*** Opening Excerpted data ***

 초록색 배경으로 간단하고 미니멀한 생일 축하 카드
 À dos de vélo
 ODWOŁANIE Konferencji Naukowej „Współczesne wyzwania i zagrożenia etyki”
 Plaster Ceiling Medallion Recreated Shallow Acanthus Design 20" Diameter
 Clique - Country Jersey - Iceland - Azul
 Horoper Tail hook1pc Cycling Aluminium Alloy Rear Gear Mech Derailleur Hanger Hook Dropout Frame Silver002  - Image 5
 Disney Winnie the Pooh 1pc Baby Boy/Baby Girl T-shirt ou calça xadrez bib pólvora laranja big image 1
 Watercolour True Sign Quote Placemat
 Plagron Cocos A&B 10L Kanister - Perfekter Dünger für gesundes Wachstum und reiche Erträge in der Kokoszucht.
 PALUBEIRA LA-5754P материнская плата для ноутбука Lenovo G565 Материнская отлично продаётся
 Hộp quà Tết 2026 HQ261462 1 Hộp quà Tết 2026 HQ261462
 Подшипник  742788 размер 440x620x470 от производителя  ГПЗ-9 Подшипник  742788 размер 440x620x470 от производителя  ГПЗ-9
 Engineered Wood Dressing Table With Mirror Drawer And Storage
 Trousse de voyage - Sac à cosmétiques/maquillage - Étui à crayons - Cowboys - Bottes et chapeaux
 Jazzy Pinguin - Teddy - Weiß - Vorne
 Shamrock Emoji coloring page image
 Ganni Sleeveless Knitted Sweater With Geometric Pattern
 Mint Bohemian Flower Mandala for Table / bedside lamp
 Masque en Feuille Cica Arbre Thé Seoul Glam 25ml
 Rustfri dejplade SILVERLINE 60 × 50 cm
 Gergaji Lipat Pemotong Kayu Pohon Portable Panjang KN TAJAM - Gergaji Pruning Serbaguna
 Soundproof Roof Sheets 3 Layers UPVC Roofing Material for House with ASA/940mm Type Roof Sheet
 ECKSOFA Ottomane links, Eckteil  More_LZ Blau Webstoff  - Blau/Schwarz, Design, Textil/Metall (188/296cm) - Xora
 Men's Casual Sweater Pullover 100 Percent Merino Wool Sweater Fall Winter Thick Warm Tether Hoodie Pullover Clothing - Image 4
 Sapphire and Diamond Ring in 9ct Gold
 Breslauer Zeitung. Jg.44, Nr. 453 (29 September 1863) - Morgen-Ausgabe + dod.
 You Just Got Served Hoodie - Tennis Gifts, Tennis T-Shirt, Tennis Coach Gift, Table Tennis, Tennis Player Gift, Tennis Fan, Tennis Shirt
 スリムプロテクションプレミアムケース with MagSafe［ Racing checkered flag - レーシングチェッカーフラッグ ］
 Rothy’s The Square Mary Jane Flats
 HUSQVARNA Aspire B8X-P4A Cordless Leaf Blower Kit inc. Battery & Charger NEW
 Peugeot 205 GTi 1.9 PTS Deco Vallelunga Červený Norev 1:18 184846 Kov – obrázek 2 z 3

*** Closing Excerpted data ***

▶ _Your assignment_
Scan the data above; copy every line where "Hoodie" appears.

▶ _Response to this exercise_
 Men's Casual Sweater Pullover 100 Percent Merino Wool Sweater Fall Winter Thick Warm Tether Hoodie Pullover Clothing - Image 4
 You Just Got Served Hoodie - Tennis Gifts, Tennis T-Shirt, Tennis Coach Gift, Table Tennis, Tennis Player Gift, Tennis Fan, Tennis Shirt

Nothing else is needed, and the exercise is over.